Cache reports if possible
If you have a report that requires a lot of memory and is requested by many concurrent users, investigate whether it might be possible to keep a cached copy of the report and serve it to multiple users. Does the data change constantly or only at certain intervals? Are there parameters that tend to be different for every user or do multiple users run the report with the same parameters? If you have multiple users requesting a report with the same data and the same parameters, this report could be a good candidate for caching. You could run the report at a certain time with a background process, or you could cache a copy the first time any user generates the report within a certain timeframe.
If you are using OfficeWriter in a custom .NET application, you would implement caching in your own code.
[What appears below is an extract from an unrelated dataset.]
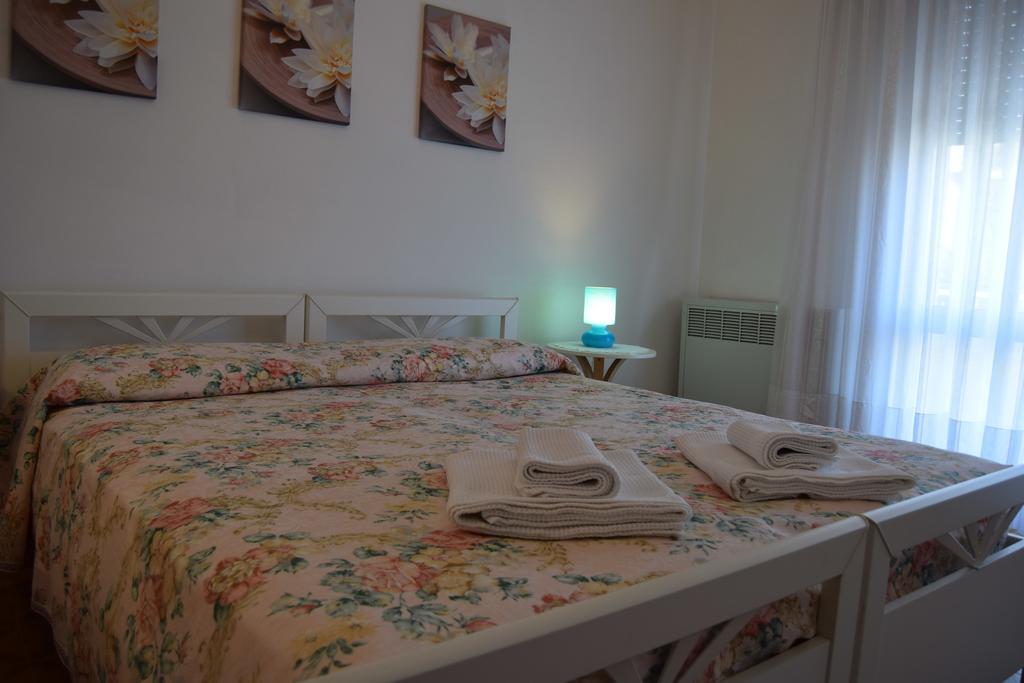 Casa Vacanza E Per Lavoro Elena E Carla Spinea Eksteriør billede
If you are using OfficeWriter in SSRS-integration mode, you can use SSRS’s built-in caching functionality.
Queue reports if necessary
If you have a report being accessed by multiple users that requires a great deal of memory in a memory-constrained environment (i.e. your server is 32-bit or you have to compile your application as 32-bit for some reason), and caching isn’t an option (i.e. every time a user runs the report it is different), then queuing reports may be something to consider. Instead of delivering every report on-demand, you can restructure your application to store the users’ requests, process them sequentially in a background process, and notify the users by email or some other means when their reports are ready. This approach should not cause your users to have to wait much longer for a report than if it was being generated on-demand, but of course the user experience will be a little different. One option is to implement logic in your application to only queue very large reports but deliver smaller reports on-demand.
If you are using OfficeWriter in SSRS-integration mode, you can accomplish queuing by using SSRS subscriptions.